Assembleia Geral Extraordinária
A proposta de incorporação será submetida à aprovação dos acionistas em uma Assembleia Geral Extraordinária, que está agendada para o dia 31 de julho.
Objetivos da Incorporação
De acordo com a Engie, a operação visa simplificar a estrutura societária da empresa, além de otimizar processos internos e capturar ganhos de eficiência operacional. A administração também ressaltou que essa reorganização deve melhorar a gestão de caixa, reduzindo custos e o capital retido na estrutura corporativa.
Situação da Companhia Energética do Jari
A CEJA, que é uma empresa de capital fechado e controlada integralmente pela Engie, detém a autorização para exploração da Usina Hidrelétrica Santo Antônio do Jari, a qual está situada no Rio Jari, entre os municípios de Laranjal do Jari, no estado do Amapá, e Almeirim, no estado do Pará.
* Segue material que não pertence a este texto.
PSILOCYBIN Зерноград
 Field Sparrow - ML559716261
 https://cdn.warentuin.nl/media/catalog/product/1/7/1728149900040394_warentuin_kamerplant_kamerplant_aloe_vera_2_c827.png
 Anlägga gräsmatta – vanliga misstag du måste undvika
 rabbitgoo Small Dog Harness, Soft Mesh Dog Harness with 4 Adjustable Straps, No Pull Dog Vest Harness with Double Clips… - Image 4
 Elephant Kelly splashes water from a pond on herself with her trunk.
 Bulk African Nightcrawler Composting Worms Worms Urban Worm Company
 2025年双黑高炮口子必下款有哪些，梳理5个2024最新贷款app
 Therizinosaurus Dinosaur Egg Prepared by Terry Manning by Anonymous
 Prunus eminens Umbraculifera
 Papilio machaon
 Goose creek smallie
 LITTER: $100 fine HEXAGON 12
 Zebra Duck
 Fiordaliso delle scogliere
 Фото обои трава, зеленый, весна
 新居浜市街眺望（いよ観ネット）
A capacidade instalada do empreendimento é de 393 megawatts (MW), e a concessão é válida até outubro de 2045.
Impactos da Incorporação
Como a CEJA já está 100% sob a posse da Engie, a incorporação não acarretará em aumento de capital, na emissão de novas ações ou na alteração da participação dos acionistas. A Engie também destacou que esta operação não gerará direito de recesso. Após a conclusão da incorporação, a CEJA será extinta, e todos os direitos e obrigações da empresa passarão a ser assumidos diretamente pela holding Engie Brasil.
Custos da Operação
A Engie estima que os custos relacionados à operação de incorporação serão aproximadamente R$ 70 mil. Esse montante inclui despesas referentes a registros, publicações, auditorias, avaliações e assessorias jurídicas.
Aprovação Regulamentar
Além disso, a Engie informou que foi solicitada a anuência prévia da Agência Nacional de Energia Elétrica (Aneel) para transferir a titularidade da concessão da usina. Essa etapa é necessária para a efetivação da reorganização societária.
Estratégia de Reorganização
Por fim, a companhia comunicou que a incorporação não adiciona novos fatores de risco ao seu negócio e está alinhada a uma estratégia de simplificação da estrutura organizacional do grupo Engie.